> Instructions to follow
Repeat the records below exactly, leaving out any pictures.

--- Task inputs ---

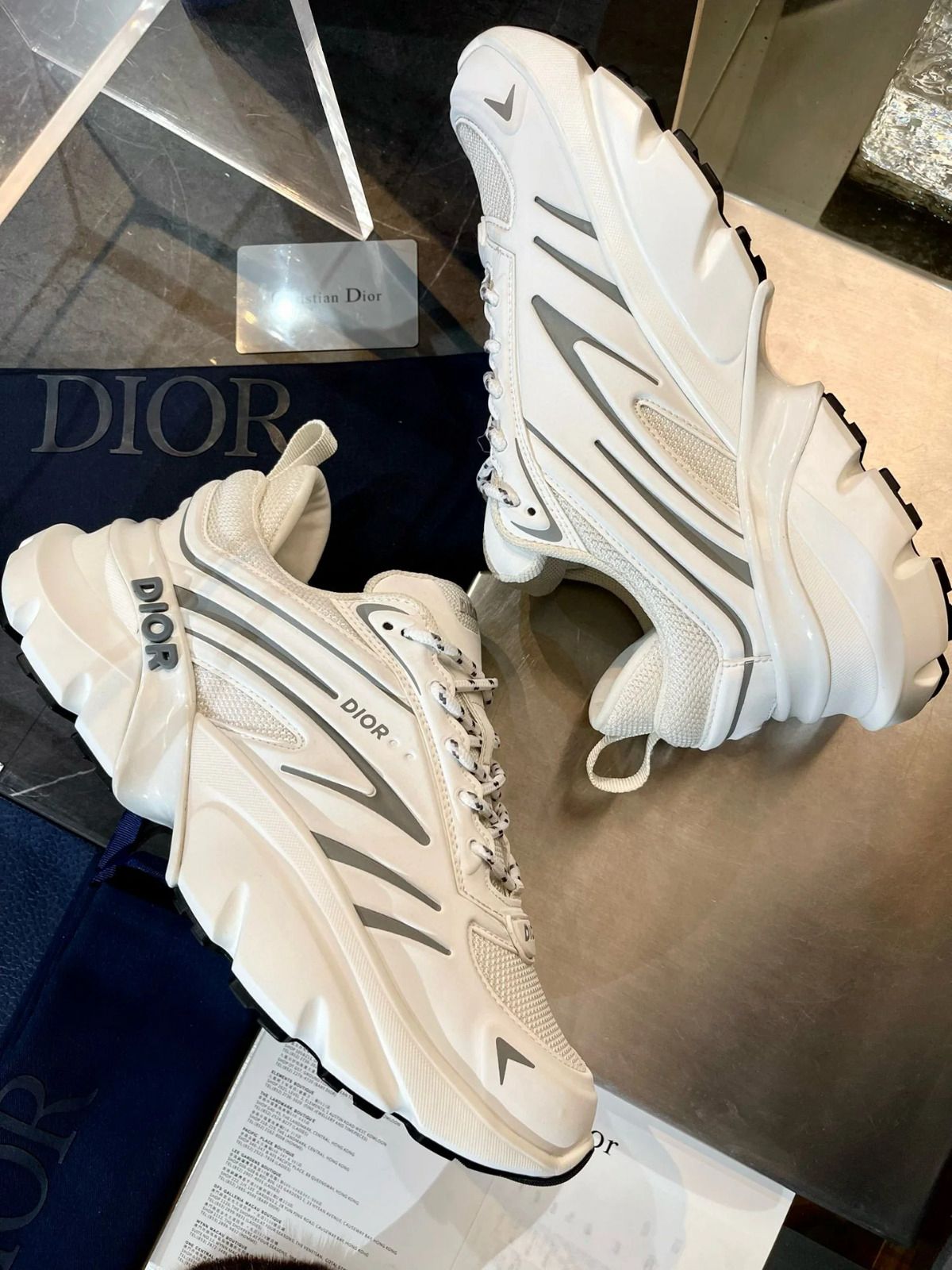 SNEAKER DIOR B44 BLADE A MAILLE BLANC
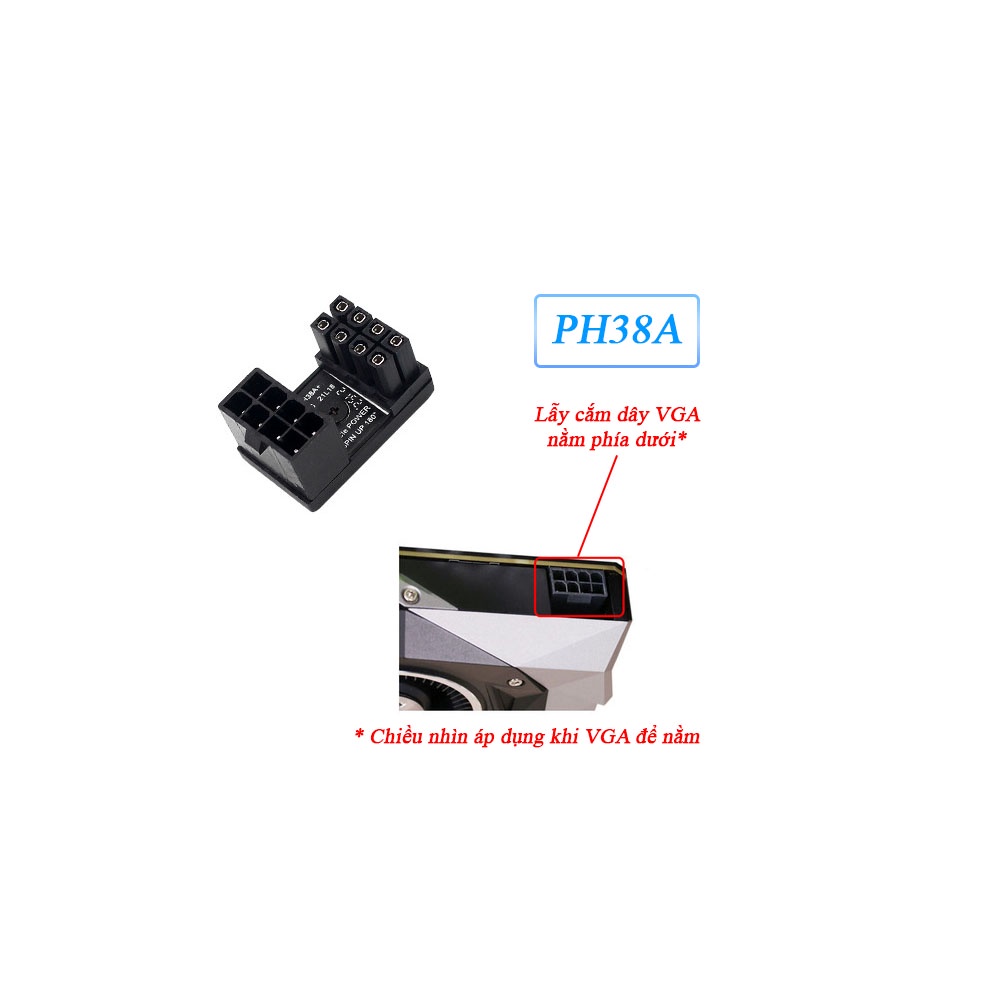 Đầu nối bẻ góc Card màn hình 8Pin góc 180 độ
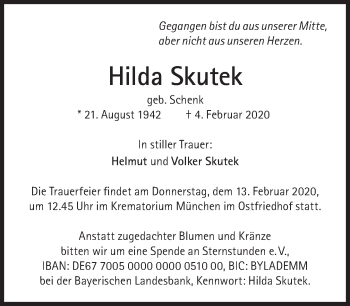 Traueranzeige von Hilda Skutek von Süddeutsche Zeitung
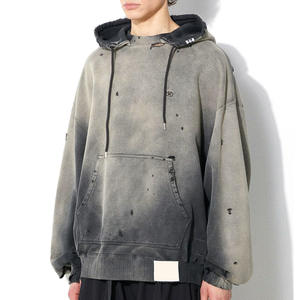 Sudadera con capucha de impresión personalizada 465gsm, sudadera con capucha de pintura en aerosol rasgada desgastada de peso pesado, sudaderas con capucha Sunfaded de lavado liso - Product Image 3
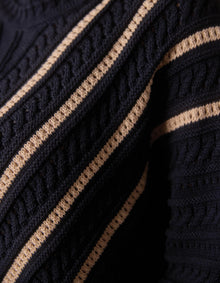Women | Apres Chevron Sweater | Navy/Birch Stripe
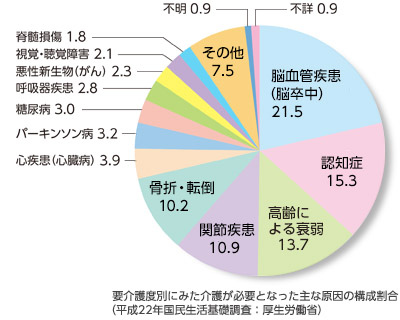 要介護度別にみた介護が必要となった主な原因の構成割合（平成22年国民生活基礎調査：厚生労働省）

---

> Worked solution
 SNEAKER DIOR B44 BLADE A MAILLE BLANC
 Đầu nối bẻ góc Card màn hình 8Pin góc 180 độ
 Traueranzeige von Hilda Skutek von Süddeutsche Zeitung
 Sudadera con capucha de impresión personalizada 465gsm, sudadera con capucha de pintura en aerosol rasgada desgastada de peso pesado, sudaderas con capucha Sunfaded de lavado liso - Product Image 3
Women | Apres Chevron Sweater | Navy/Birch Stripe
 要介護度別にみた介護が必要となった主な原因の構成割合（平成22年国民生活基礎調査：厚生労働省）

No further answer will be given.